“Please excuse me,” Detective Tanya Duhaney said over the phone.
She thought she sounded a little husky from crying.
But she sounded fine.
Duhaney had just returned from the funeral of a 95-year-old Harlem Hellfighter, a World War II veteran who fought with the 369th Infantry Regiment—the first all black regiment to serve.
William Brown, known as “Cadillac Brown,” had lived in Queens for 60 years and was also a retired NYPD detective.
On Feb. 16, a neighbor called 311, asking the police to check on Brown because she hadn’t seen him for a few days. Brown had recently complained that his house had no heat, and the temperature was nearing zero, Duhaney said.
Duhaney and her partner, Detective Dorrin Ferguson from 113th precinct, visited the home but found it empty. Eventually, they tracked Brown down in the hospital, where he had gone to be treated for hypothermia.
He was hospitalized for a week, Duhaney said.
When it was time to return home, Duhaney and Ferguson were right there with him.
“And that’s when the friendship started,” Duhaney said.
Duhaney and Ferguson visited Brown at least once a week from then on, making sure he was OK.
Duhaney described Brown as a “humble and quiet man” who lived a very lonesome life.
“But he was used to being alone,” Duhaney said, “He never had children, his wife died in the ’60s, and he was never remarried.”
Although Brown did not mind being alone, Duhaney said her and Ferguson felt that it was their responsibility to make sure he was never alone again.
The duo “arranged for proper heating in his residence, cared for him, and even escorted him to doctor’s appointments,” according to the NYPD.
They did this until Brown took his last breath.

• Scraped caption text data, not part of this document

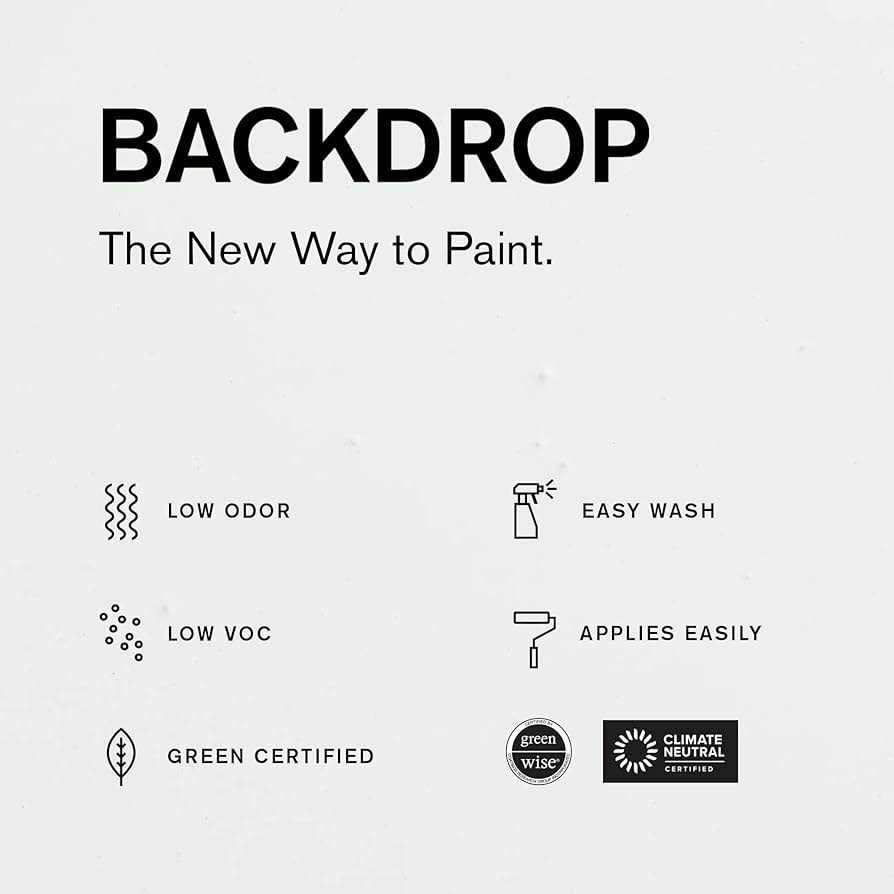 Backdrop Premium Interior Paint - Image 3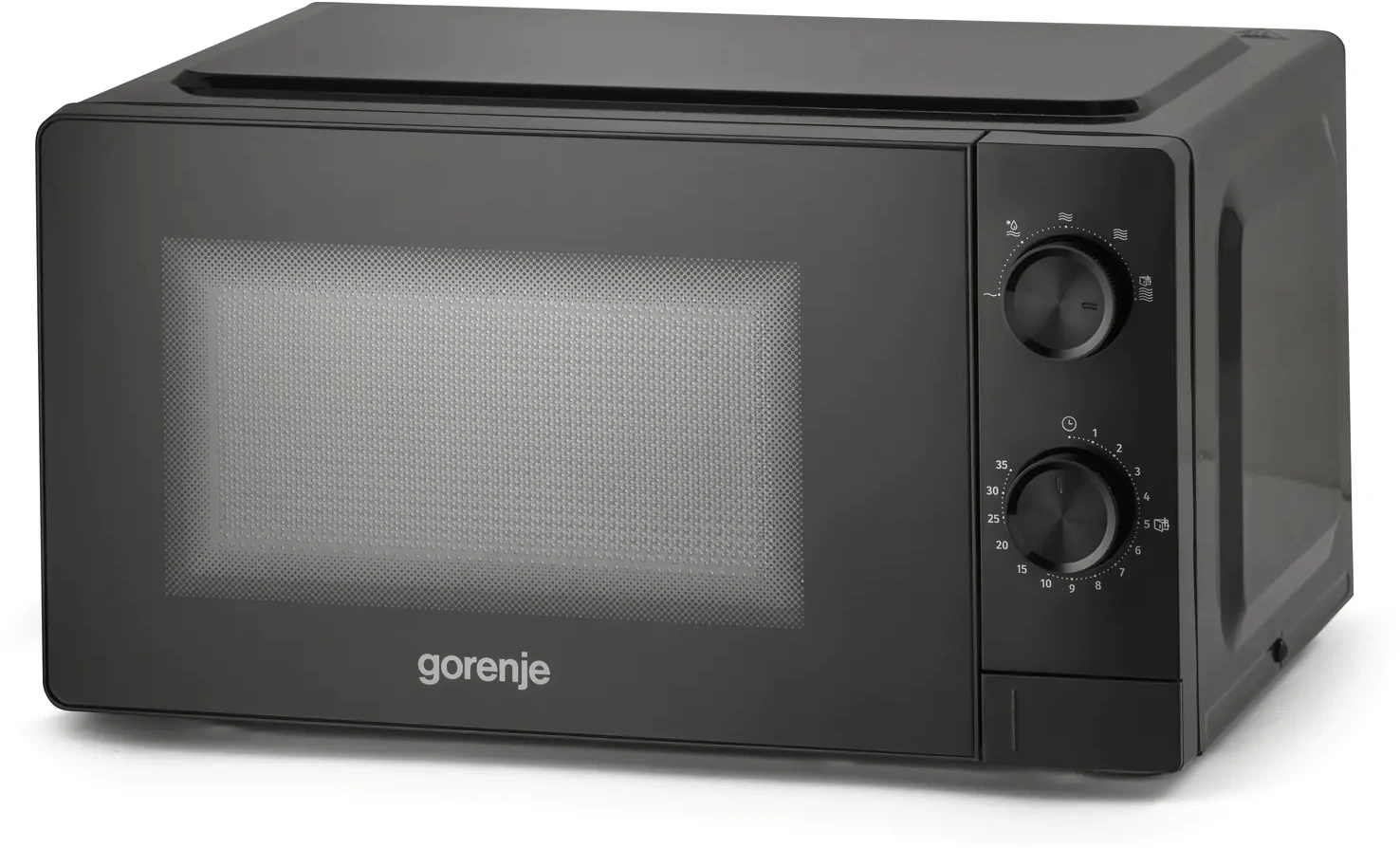 СВЧ-печь Gorenje MO20CE1B5, 20л, 700Вт, черный
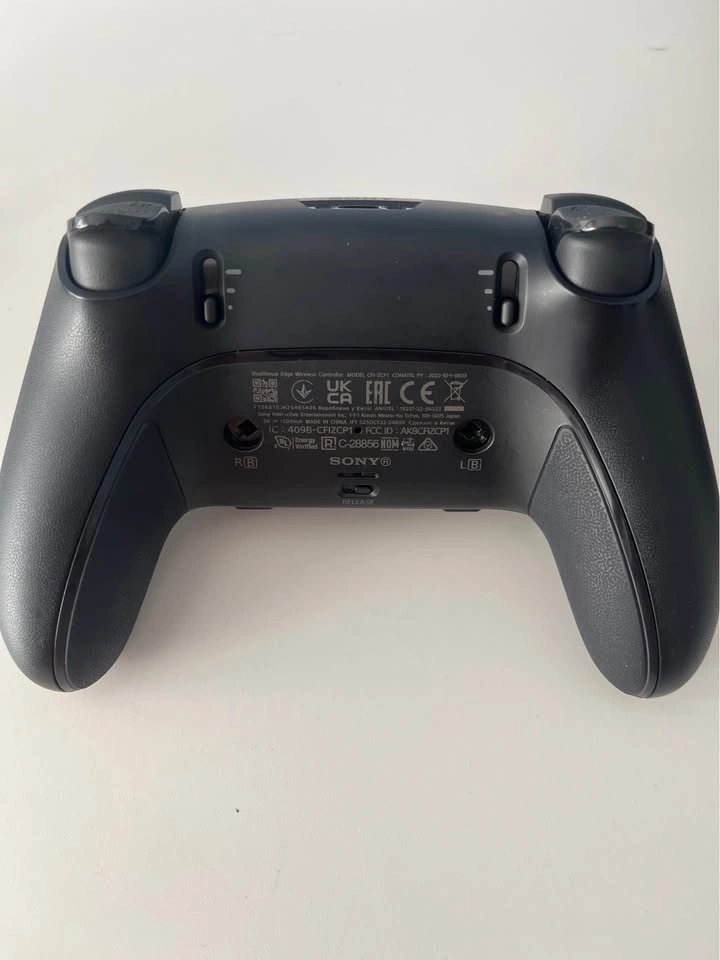 PS5 DualSense Edge Midnight Black Controller - photo 3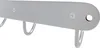 Intirilife Edelstahl Garderobenleiste Modell C - 3 Haken - Produktbild-Vorschau 3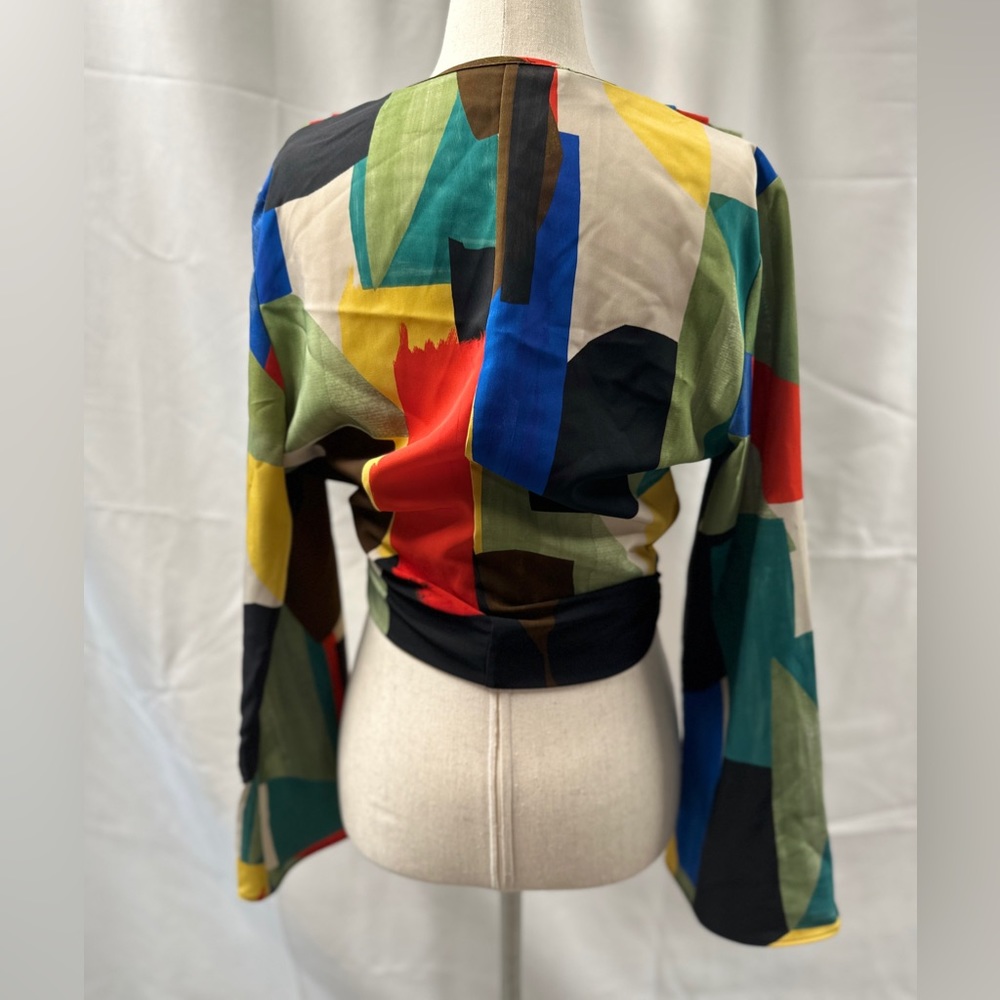 Draped Top - Picture 2 of 2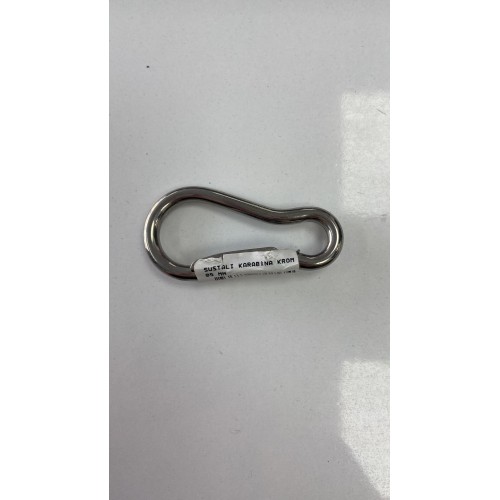 SUSTALI KARABİNA KROM 05 MM 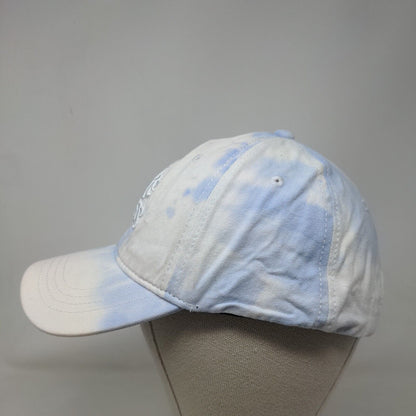 Lake Vibes Slideback Hat Multi OSFM Embroidered Adjustable Tie Dye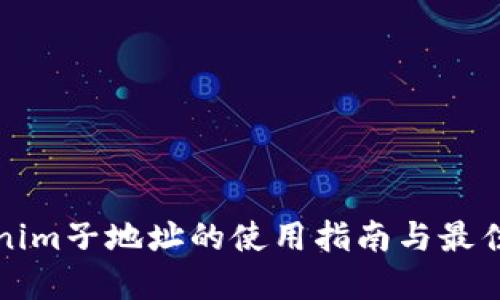 Tokenim子地址的使用指南与最佳实践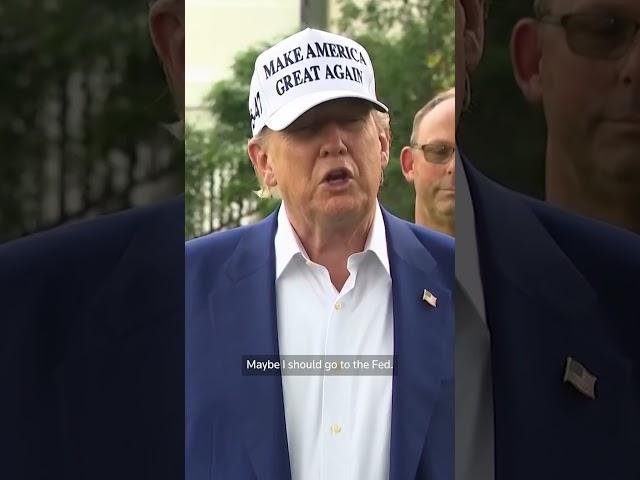 Trump calls Fed chair Powell 'stupid person'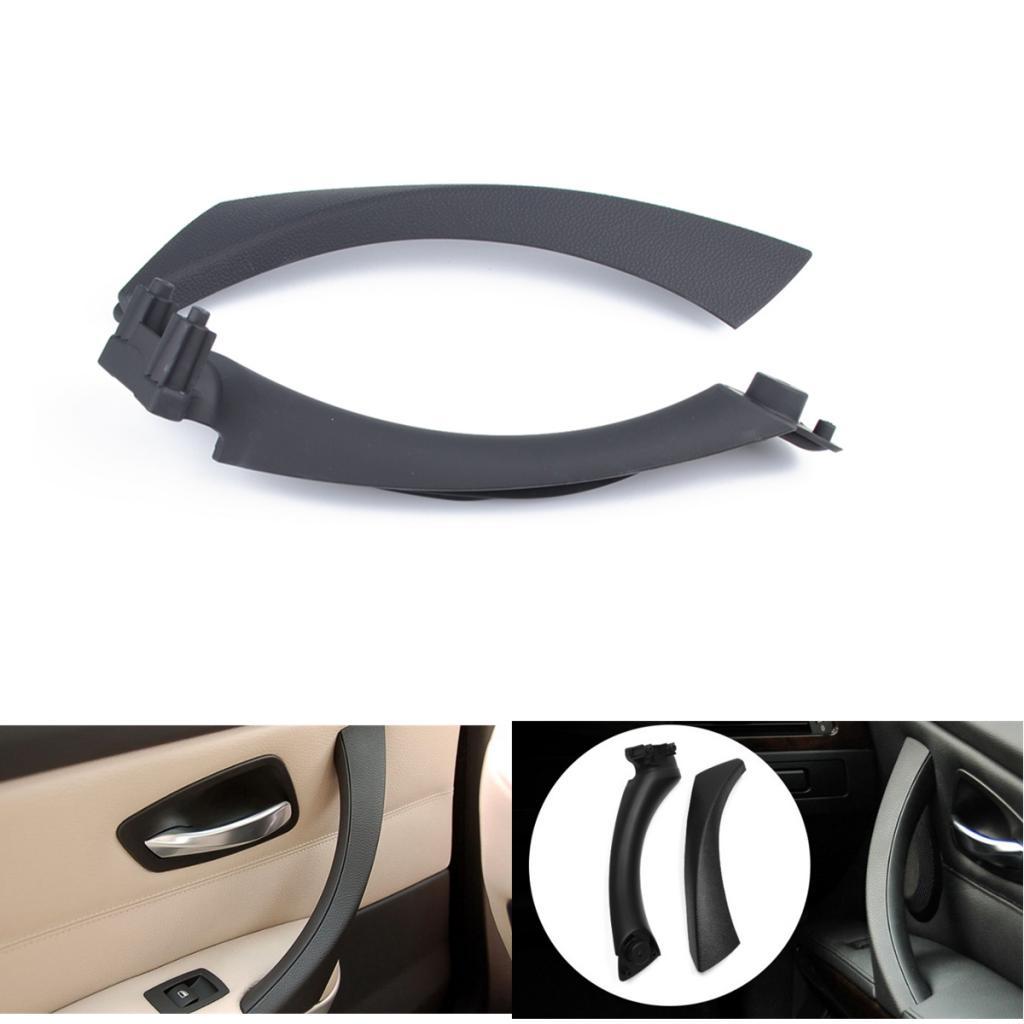 Right Side Inner+Outer Door Panel Handle Pull Trim Cover for  3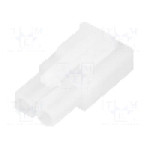 Conector alimentare DC, {{Tensiune nominala}}, {{Numarul de pini}} pini, seria {{Seria producatorului}}, {{Dimensiune pin}}. NINIGI - TAMIYA-F
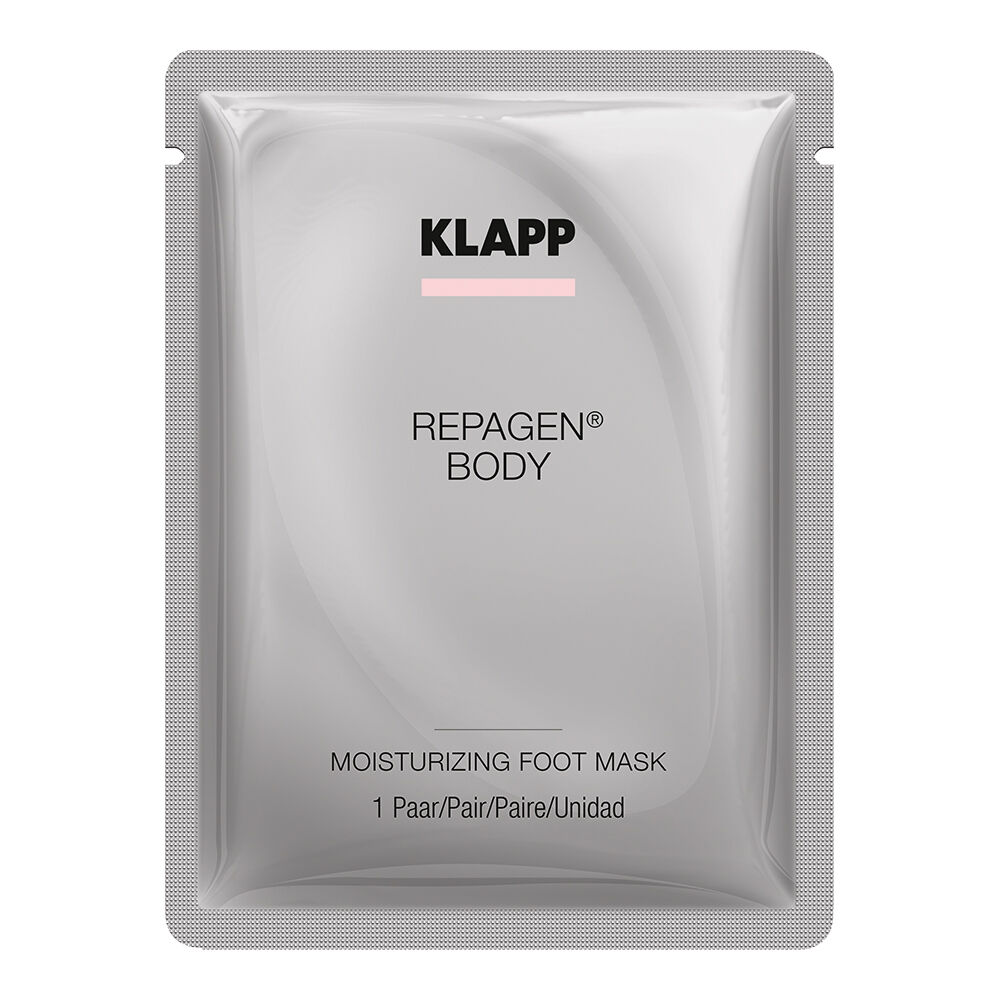 Увлажняющая маска для ступней ног Repagen Body Moisturizing Foot Mask 5154 фото 1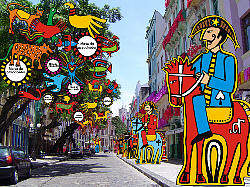 decoração de carnaval de rua  Decoração de carnaval, Carnaval, Carnaval de  rua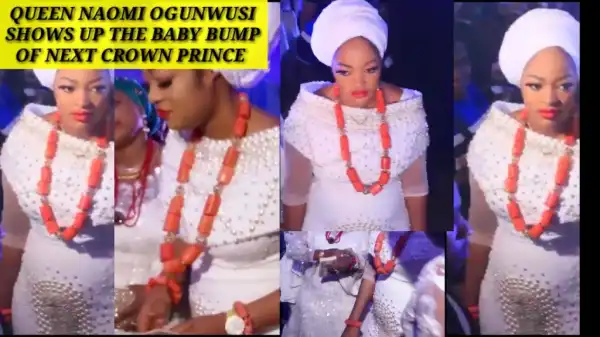 Baby Bump: Ooni Of Ife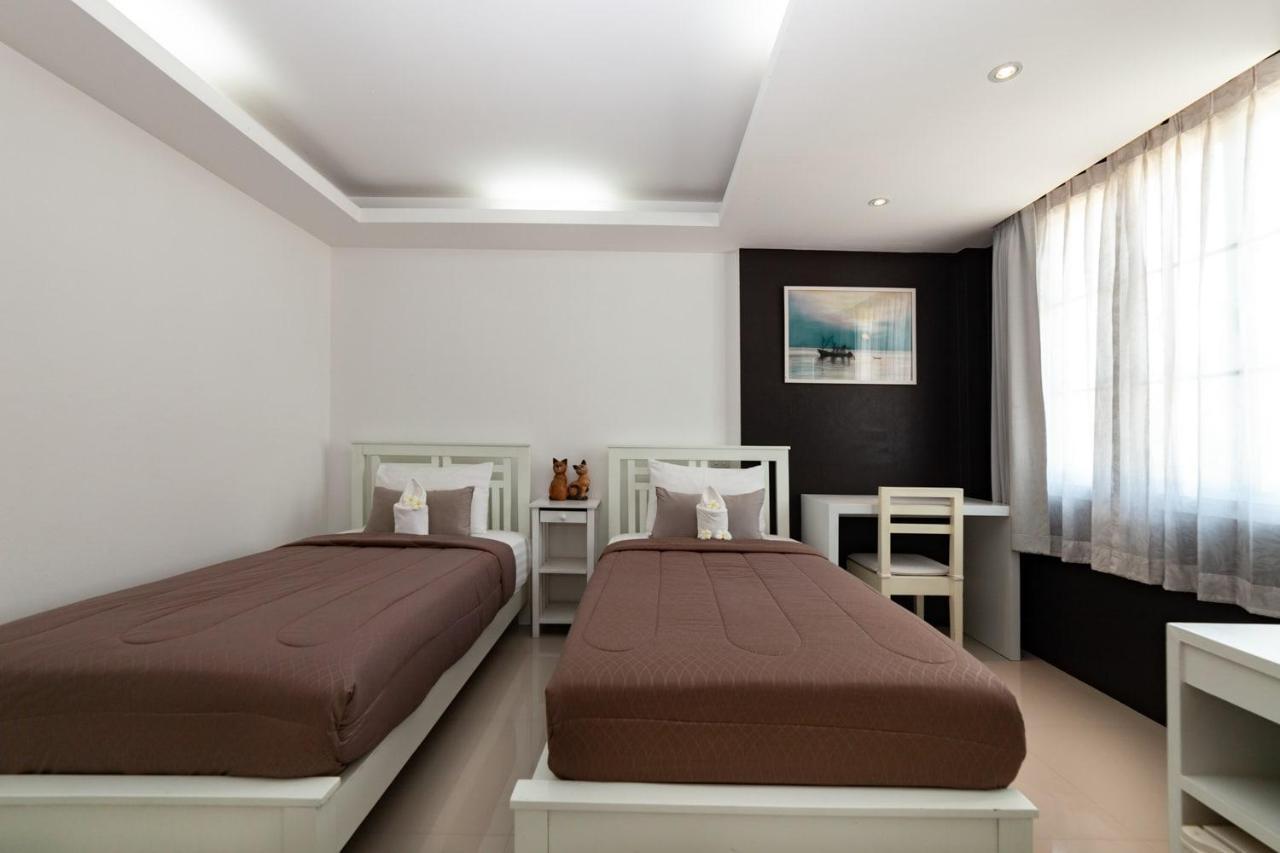 Baanpoon Apartment Чавенг Экстерьер фото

On May 20, Brown passed away from a cardiac arrest, Duhaney said. But she didn’t find out until a little over a week later.
The City Medical Examiner told Duhaney that no one had claimed Brown’s body and he was still in the morgue. They were planning to transport his body to Hart Island, also known as Potter’s Island—the city’s tax-funded cemetery.
So, the precinct stepped in and made arrangements to claim his body.
“Mr. Brown passed away alone, but he doesn’t have to make his final journey alone,” the NYPD wrote on its Facebook page. “We ask the community in the Queens area to please join us if they can for the wake and services.
“Let’s give Mr. Brown the hero send-off he deserves.”
Brown, who had spent 25 years with the NYPD, did not make his final journey alone, thanks to his new friends.
The Jamaica, Queens, church holds 400 people, “And it couldn’t fit all of the officers, some were even outside,” said Duhaney after the service on June 16.
She said it was a sea of blue inside the church.
“It was very beautiful,” she said.
Brown was remembered for his service. He received department honors for rescuing a woman and her child from a burning building in 1960, busting a man with a loaded gun in 1962, and arresting a burglar armed with a knife in 1964, according to reports.
But the two ladies he befriended this past winter also remembered precious moments that they, too, shared with Brown.
“He use to say to us, ‘If you don’t use it, you lose it,'” Duhaney said, explaining that Brown did push ups every day—50 in the morning and 50 at night.
Brown was buried Thursday at the Long Island National Cemetery in Farmingdale.
The Veterans Administration paid for the funeral expenses, Duhaney said, and NYPD Clergy Rev. William Armstead conducted the service.